[DESCRIPTION OF THE TASK] Beginning at the line that holds "Audi Q3 Sportback nuova a Torino (12)" and continuing to the last line of the data below, transcribe every line word for word, without pictures.

[SOURCE MATERIAL]
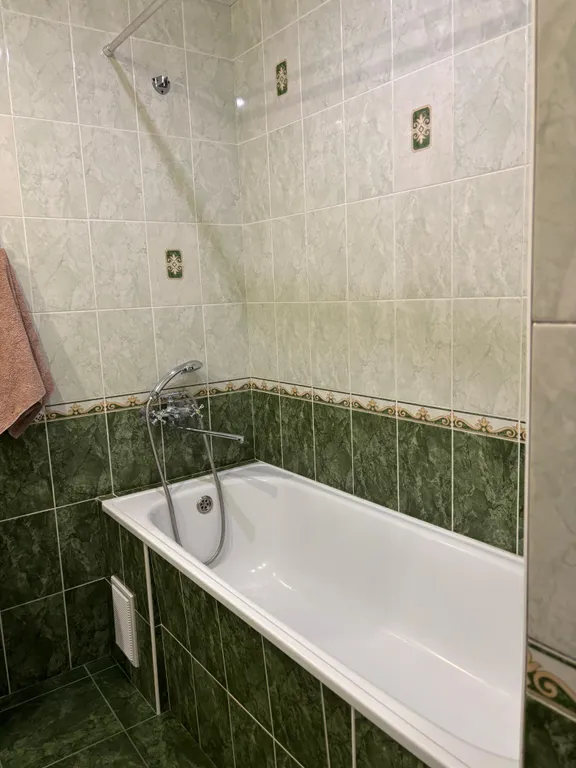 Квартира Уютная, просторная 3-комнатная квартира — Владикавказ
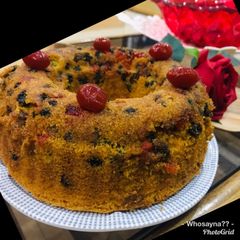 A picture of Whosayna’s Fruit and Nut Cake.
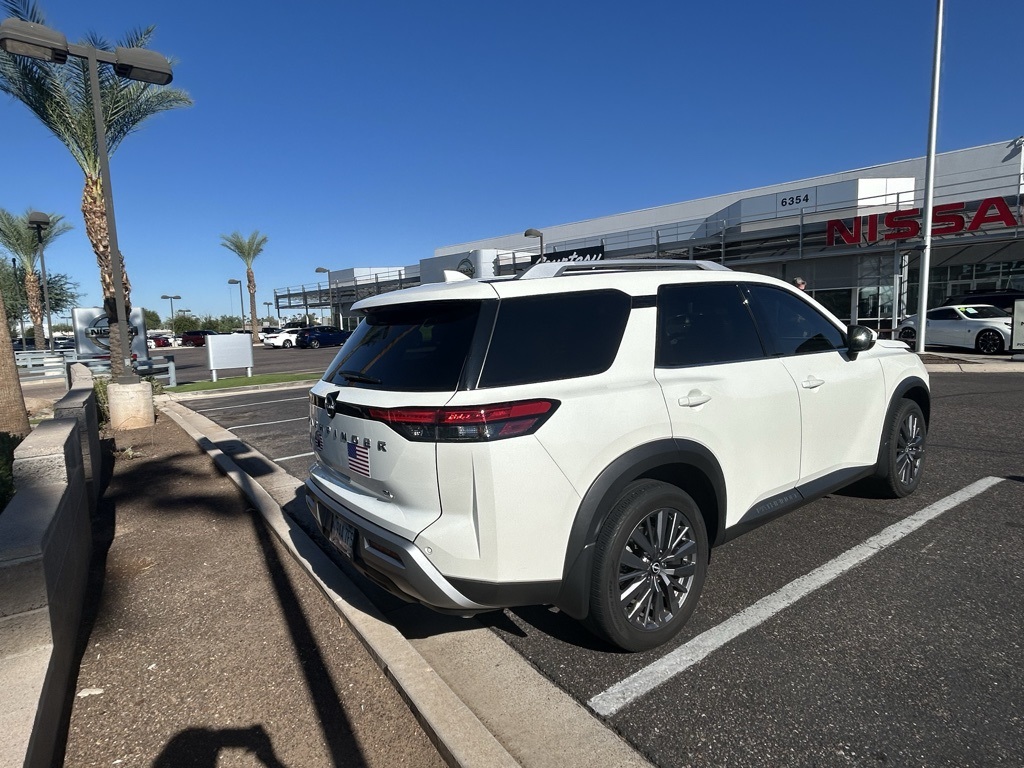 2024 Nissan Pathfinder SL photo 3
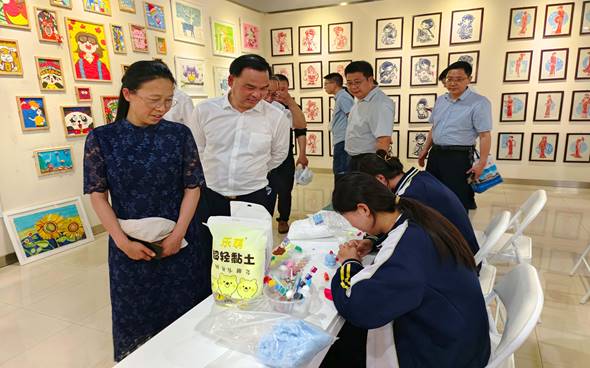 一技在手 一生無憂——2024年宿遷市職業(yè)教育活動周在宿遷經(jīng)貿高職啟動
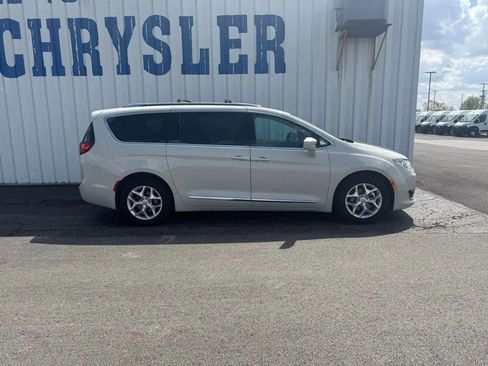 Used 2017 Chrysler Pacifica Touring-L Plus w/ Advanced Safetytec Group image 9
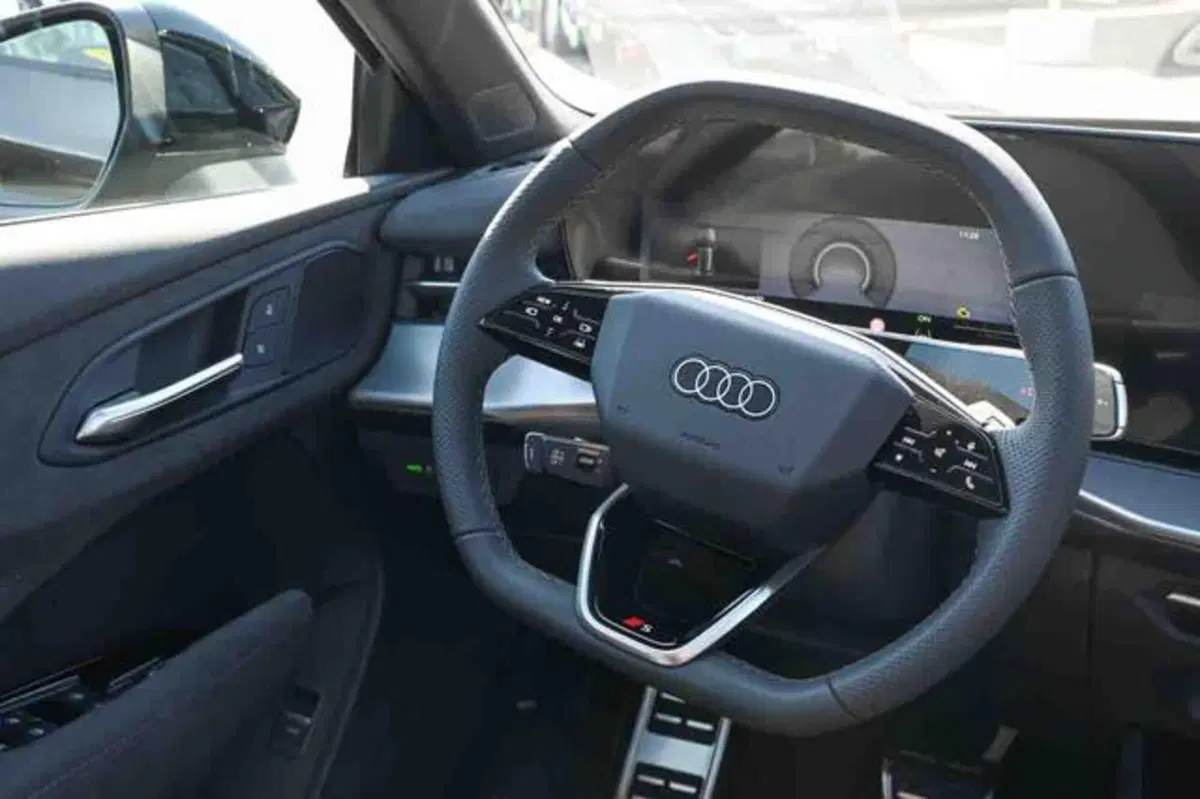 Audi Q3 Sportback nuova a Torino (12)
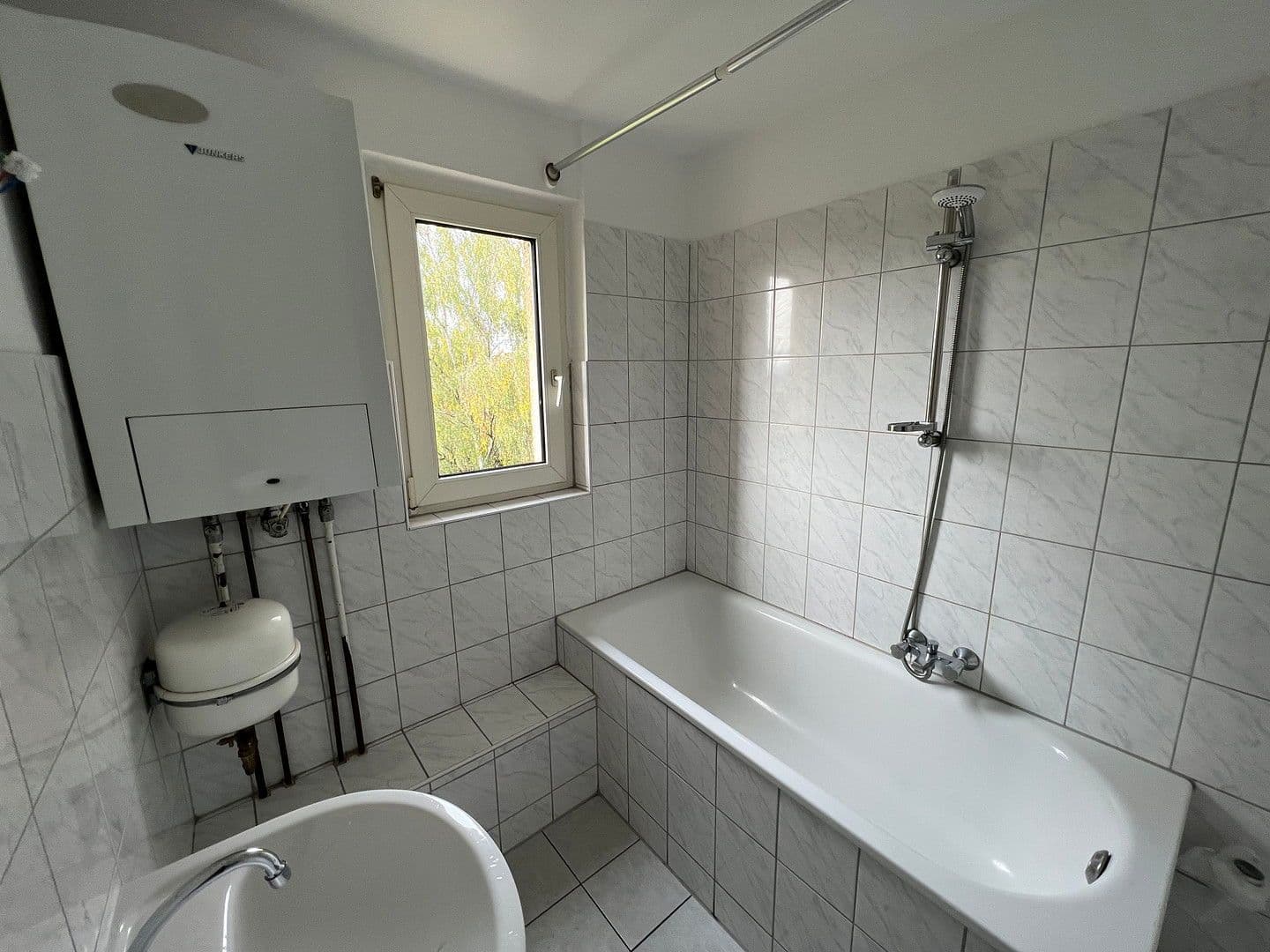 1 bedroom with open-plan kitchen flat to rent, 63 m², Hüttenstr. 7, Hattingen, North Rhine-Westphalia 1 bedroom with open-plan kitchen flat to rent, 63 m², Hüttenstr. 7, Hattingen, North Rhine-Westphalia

[EXERCISE RESULT]
 Audi Q3 Sportback nuova a Torino (12)
 1 bedroom with open-plan kitchen flat to rent, 63 m², Hüttenstr. 7, Hattingen, North Rhine-Westphalia 1 bedroom with open-plan kitchen flat to rent, 63 m², Hüttenstr. 7, Hattingen, North Rhine-Westphalia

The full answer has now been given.